### Aim of the task
Please retype every record exactly as it appears, omitting the pictures.

### Data provided
----------

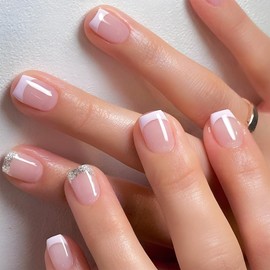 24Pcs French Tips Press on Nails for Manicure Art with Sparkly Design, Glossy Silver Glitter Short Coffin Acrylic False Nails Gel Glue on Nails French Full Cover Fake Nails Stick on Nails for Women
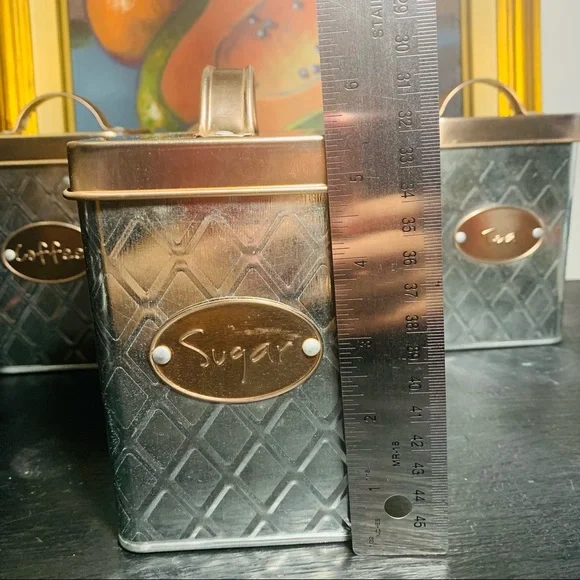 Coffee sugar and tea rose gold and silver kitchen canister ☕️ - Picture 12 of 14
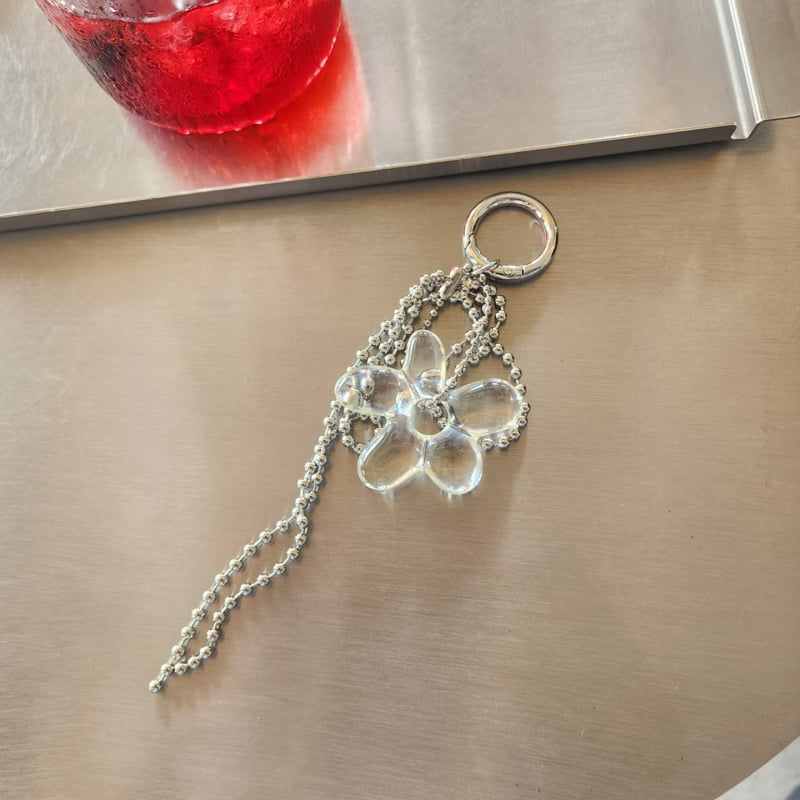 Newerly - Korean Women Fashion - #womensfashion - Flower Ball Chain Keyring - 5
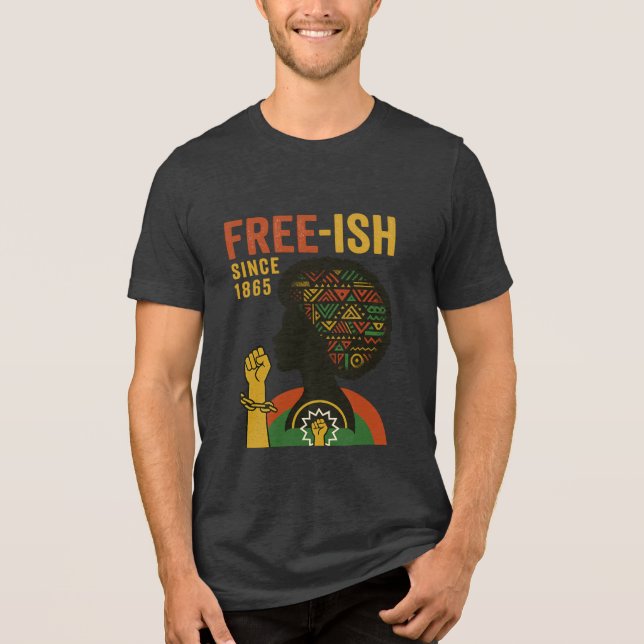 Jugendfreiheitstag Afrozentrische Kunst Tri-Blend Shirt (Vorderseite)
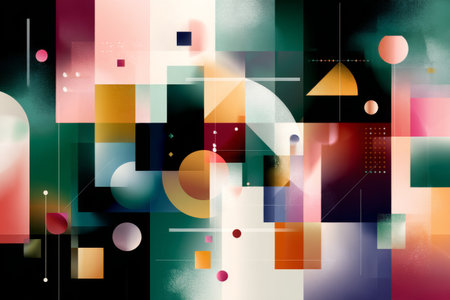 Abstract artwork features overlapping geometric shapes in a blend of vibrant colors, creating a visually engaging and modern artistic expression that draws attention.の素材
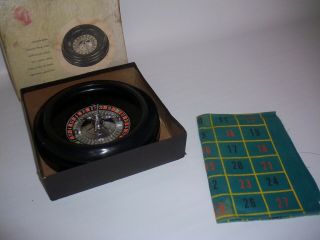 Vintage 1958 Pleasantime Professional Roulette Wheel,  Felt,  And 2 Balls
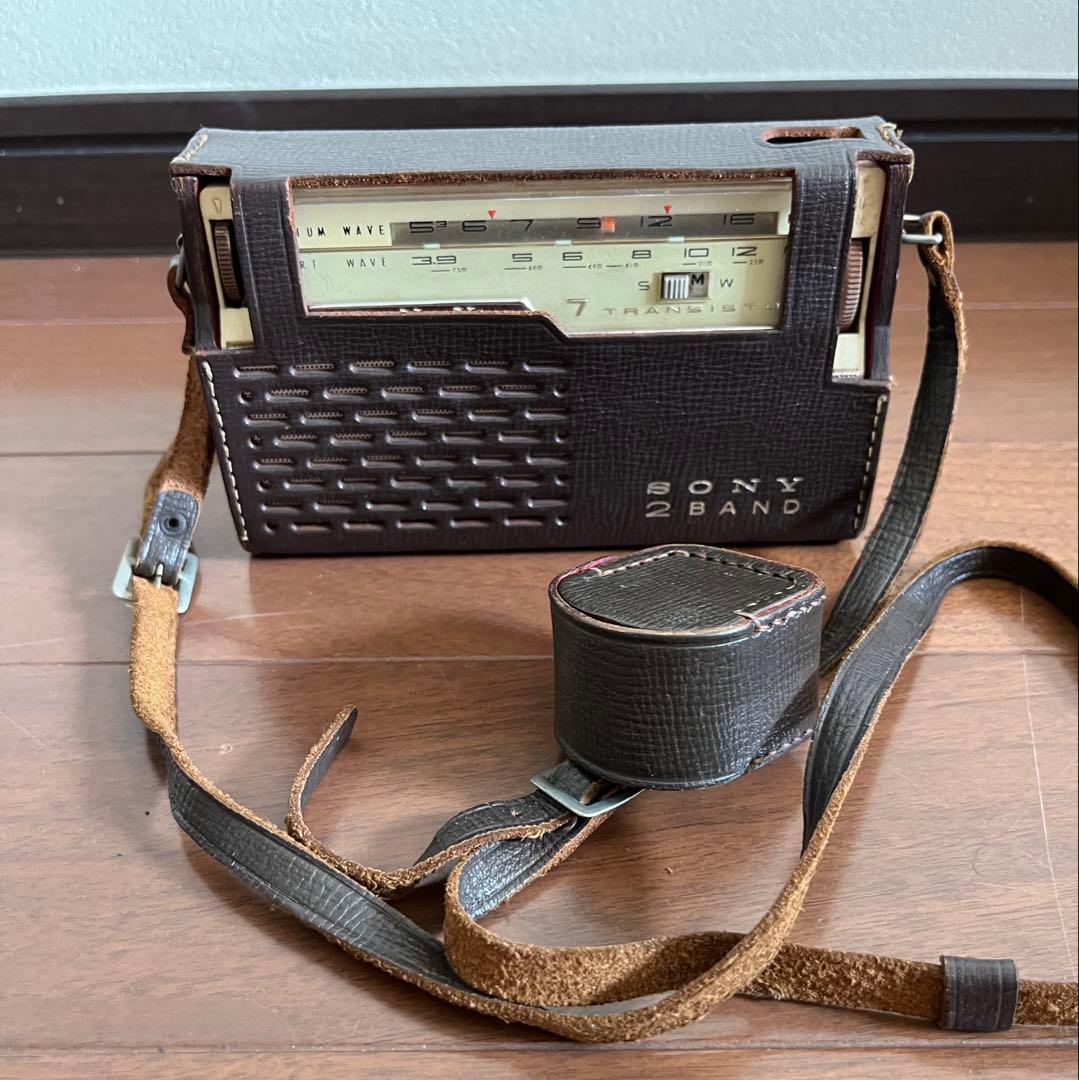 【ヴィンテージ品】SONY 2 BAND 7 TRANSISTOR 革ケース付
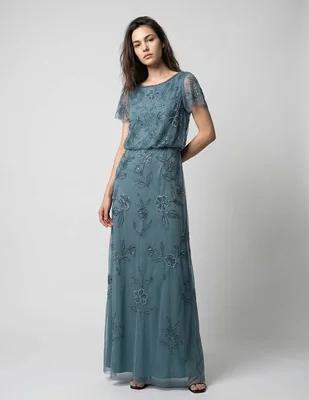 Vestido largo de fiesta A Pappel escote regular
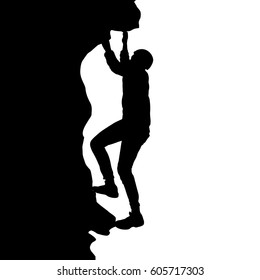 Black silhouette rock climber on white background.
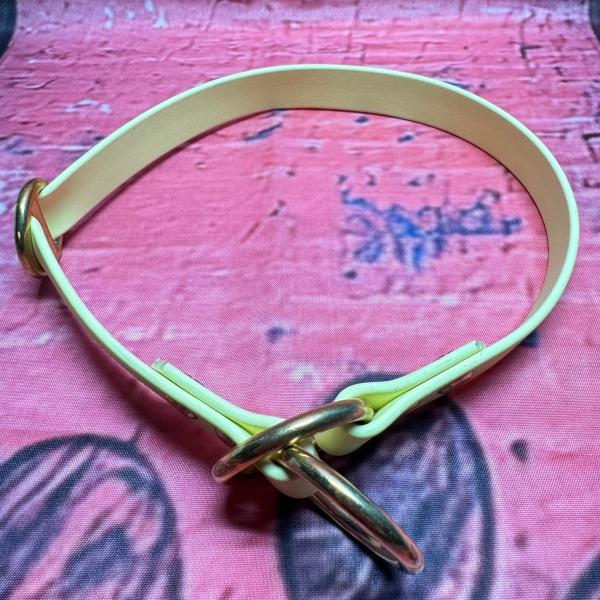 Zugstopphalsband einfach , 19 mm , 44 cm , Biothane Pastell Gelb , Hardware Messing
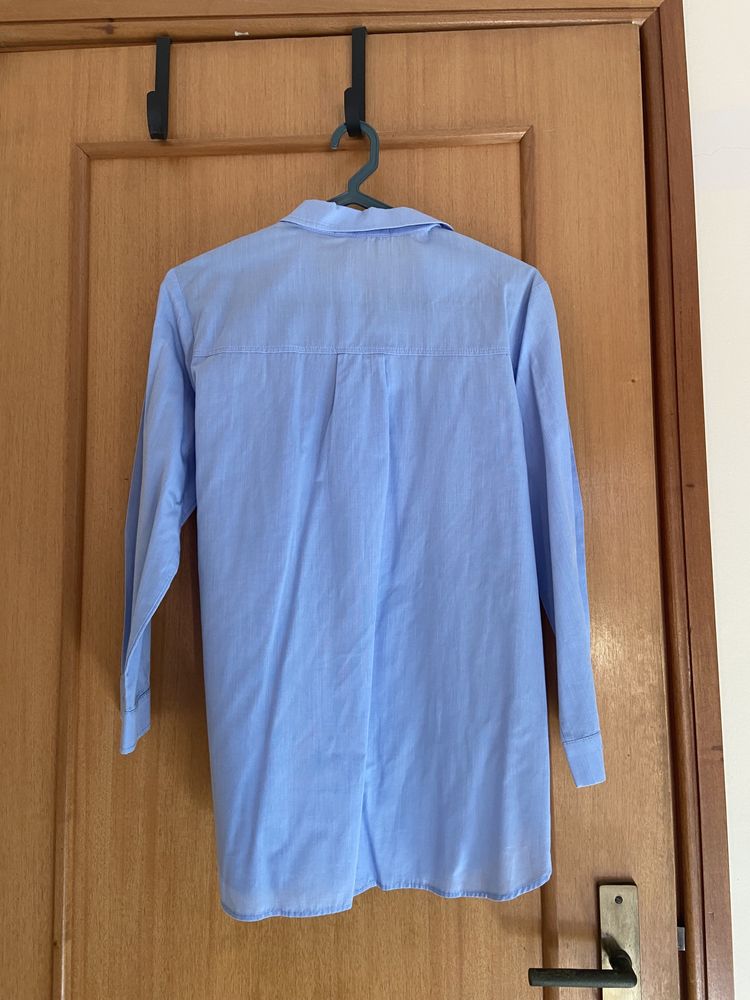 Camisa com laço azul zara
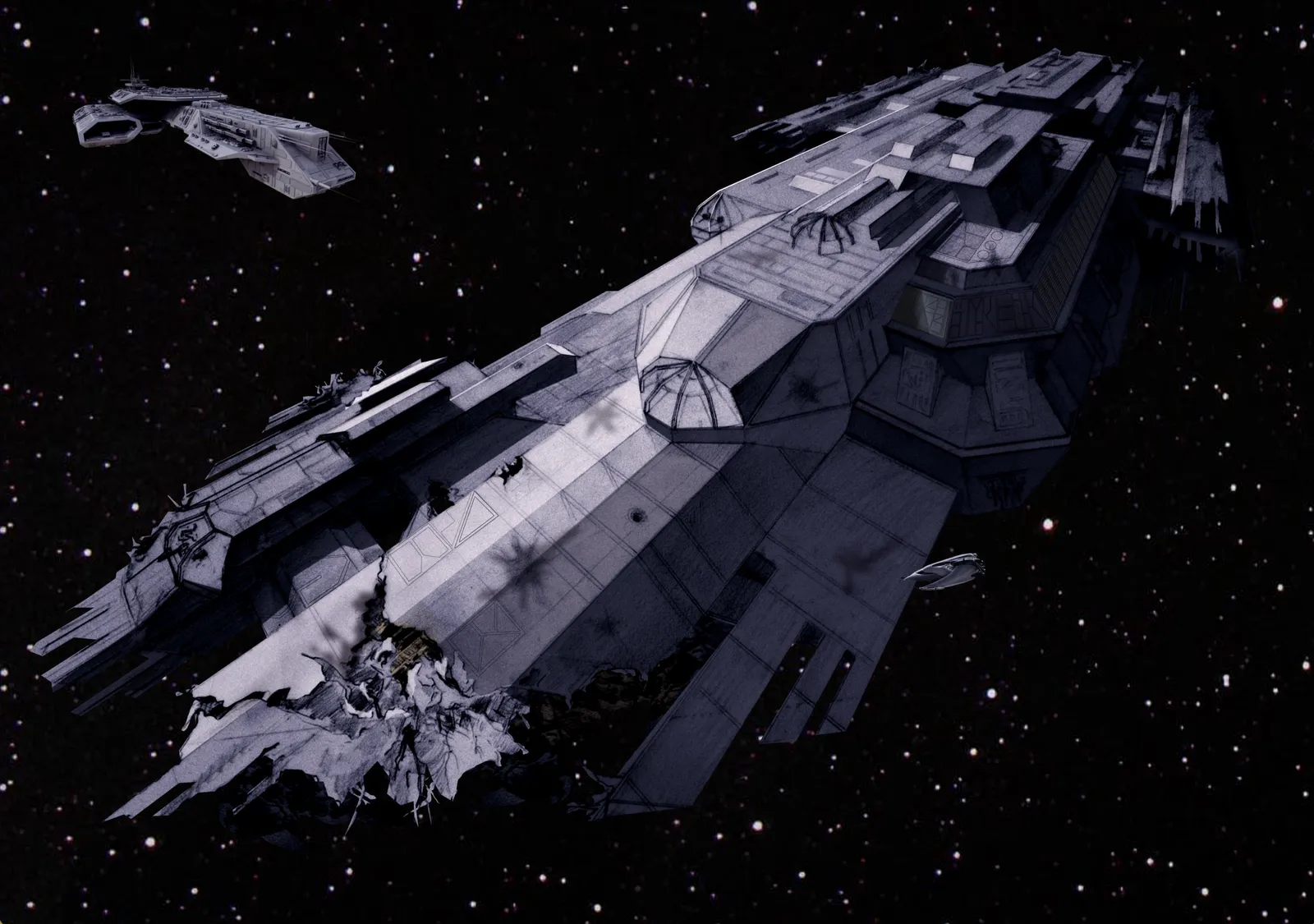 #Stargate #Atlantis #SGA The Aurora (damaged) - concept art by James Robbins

----------

### Expected answer
 24Pcs French Tips Press on Nails for Manicure Art with Sparkly Design, Glossy Silver Glitter Short Coffin Acrylic False Nails Gel Glue on Nails French Full Cover Fake Nails Stick on Nails for Women
 Coffee sugar and tea rose gold and silver kitchen canister ☕️ - Picture 12 of 14
 Newerly - Korean Women Fashion - #womensfashion - Flower Ball Chain Keyring - 5
 Jugendfreiheitstag Afrozentrische Kunst Tri-Blend Shirt (Vorderseite)
 Abstract artwork features overlapping geometric shapes in a blend of vibrant colors, creating a visually engaging and modern artistic expression that draws attention.の素材
 Vintage 1958 Pleasantime Professional Roulette Wheel,  Felt,  And 2 Balls
 【ヴィンテージ品】SONY 2 BAND 7 TRANSISTOR 革ケース付
 Vestido largo de fiesta A Pappel escote regular
 Black silhouette rock climber on white background.
 Zugstopphalsband einfach , 19 mm , 44 cm , Biothane Pastell Gelb , Hardware Messing
 Camisa com laço azul zara
 #Stargate #Atlantis #SGA The Aurora (damaged) - concept art by James Robbins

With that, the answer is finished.